***** Entries supplied *****

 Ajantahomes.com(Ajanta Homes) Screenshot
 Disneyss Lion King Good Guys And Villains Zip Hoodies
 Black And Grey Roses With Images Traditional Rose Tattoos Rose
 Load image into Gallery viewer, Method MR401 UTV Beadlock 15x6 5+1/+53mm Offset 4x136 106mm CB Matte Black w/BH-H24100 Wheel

*****
***** Entries supplied *****

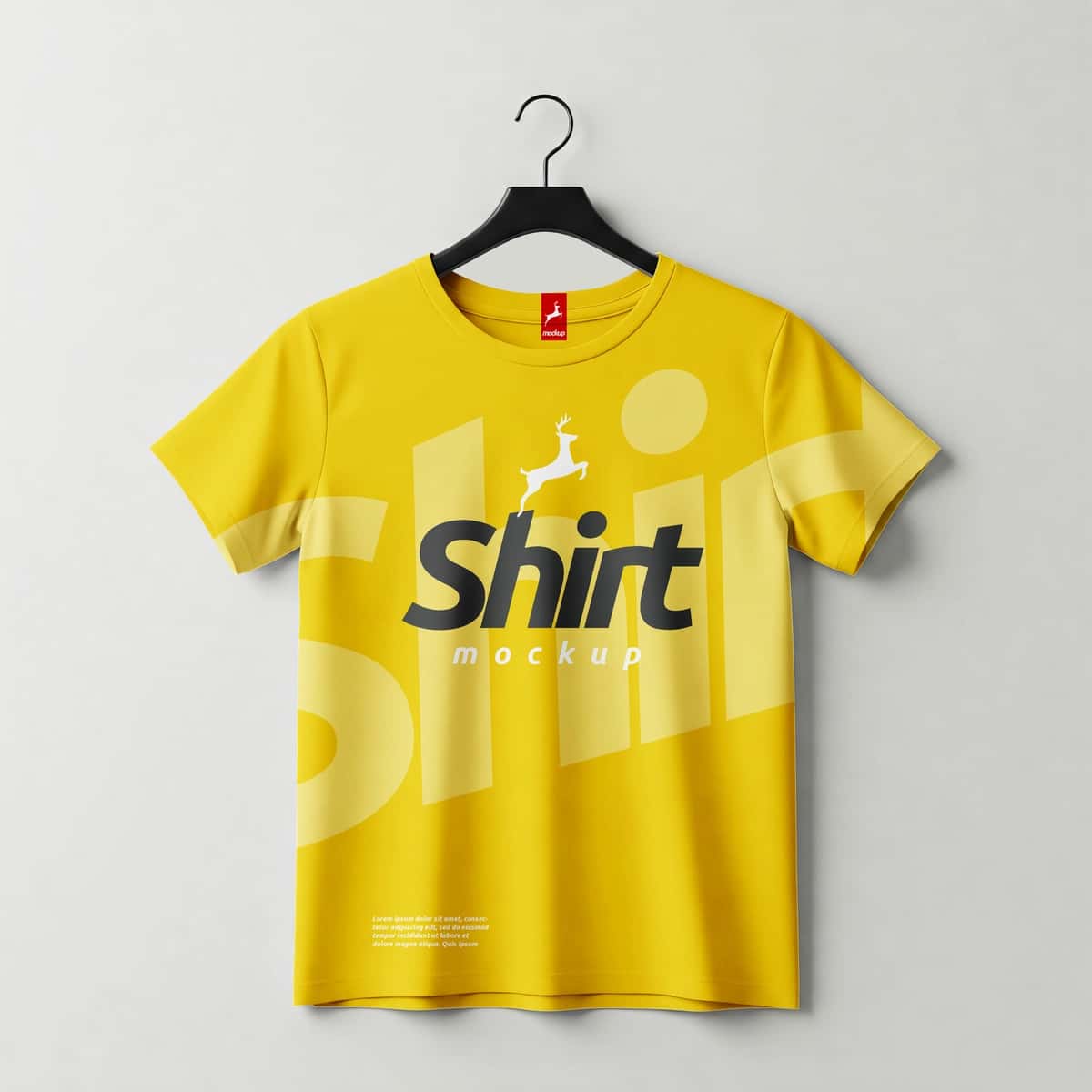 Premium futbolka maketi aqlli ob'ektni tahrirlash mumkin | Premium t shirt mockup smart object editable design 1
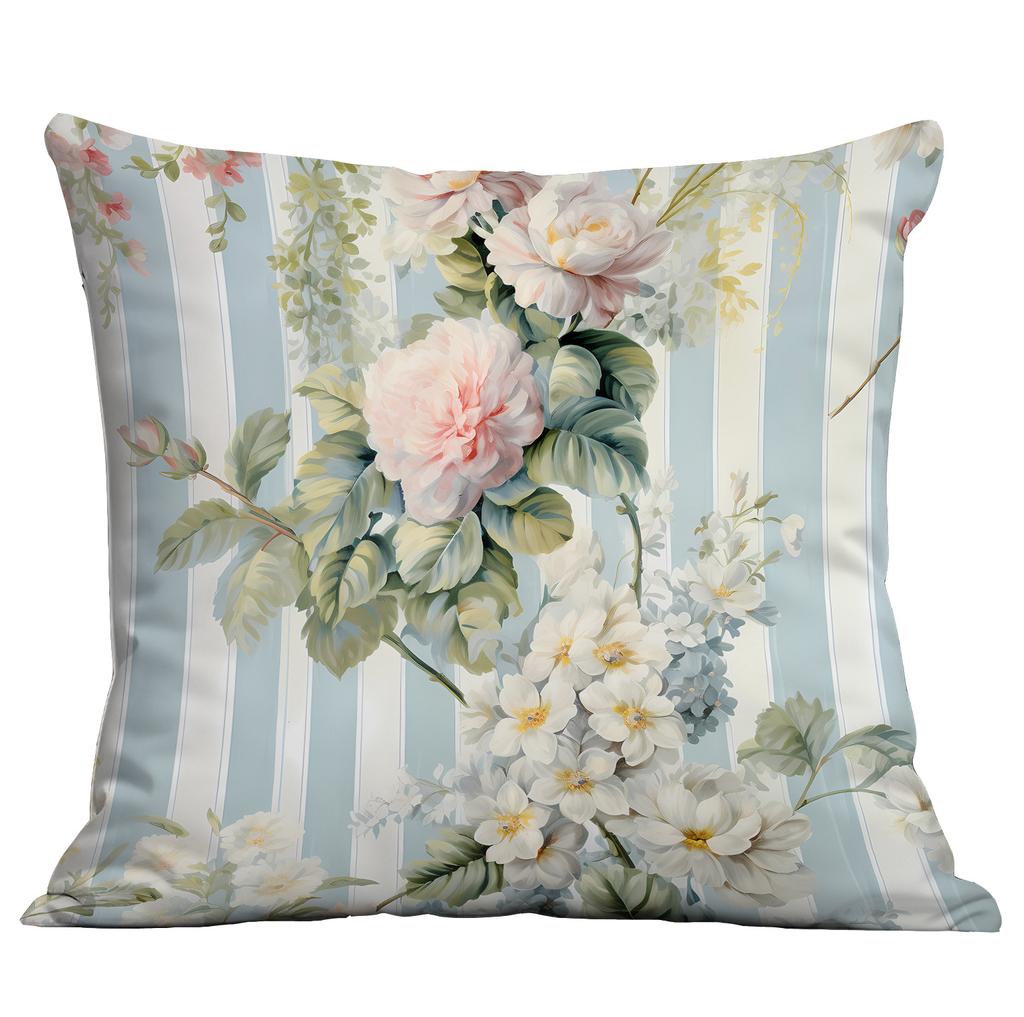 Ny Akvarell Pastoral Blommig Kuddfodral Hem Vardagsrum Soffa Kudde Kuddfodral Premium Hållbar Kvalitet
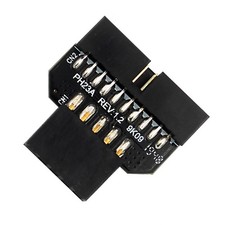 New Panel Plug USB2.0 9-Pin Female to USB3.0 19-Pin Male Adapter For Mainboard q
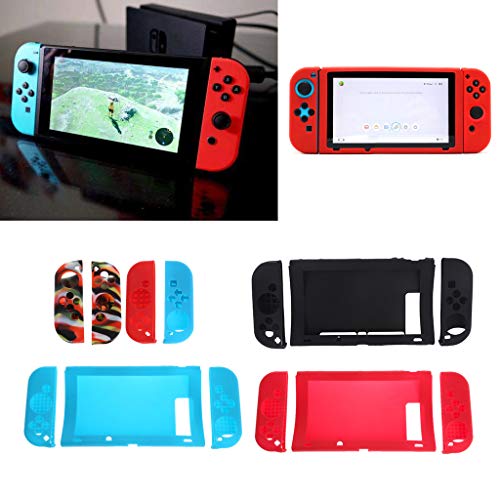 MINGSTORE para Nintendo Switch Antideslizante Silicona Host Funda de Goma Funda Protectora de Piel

*****
***** Entries supplied *****

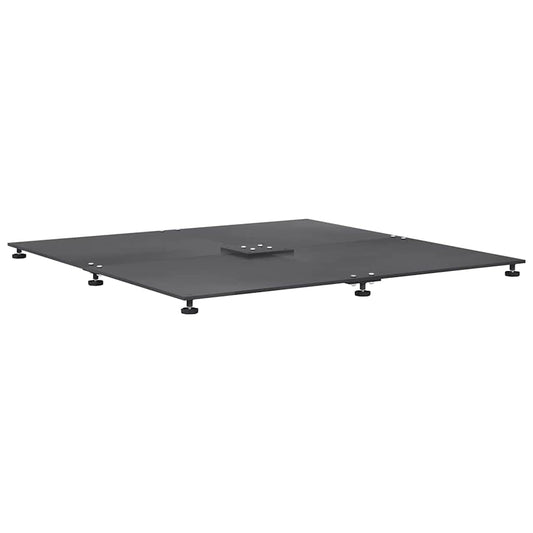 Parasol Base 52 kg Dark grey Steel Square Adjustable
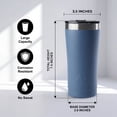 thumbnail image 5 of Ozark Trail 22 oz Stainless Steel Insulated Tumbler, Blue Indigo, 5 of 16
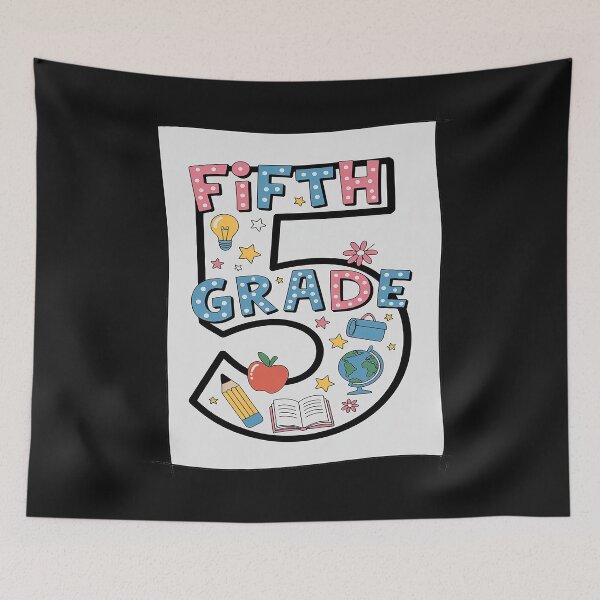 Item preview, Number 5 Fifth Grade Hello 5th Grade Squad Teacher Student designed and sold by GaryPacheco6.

*****

## What you are asked to do
In the data above, find the line with "Black And Grey" and the line with "Load image into". Retype both, plus every line between them, exactly.

## Finished task
 Black And Grey Roses With Images Traditional Rose Tattoos Rose
 Load image into Gallery viewer, Method MR401 UTV Beadlock 15x6 5+1/+53mm Offset 4x136 106mm CB Matte Black w/BH-H24100 Wheel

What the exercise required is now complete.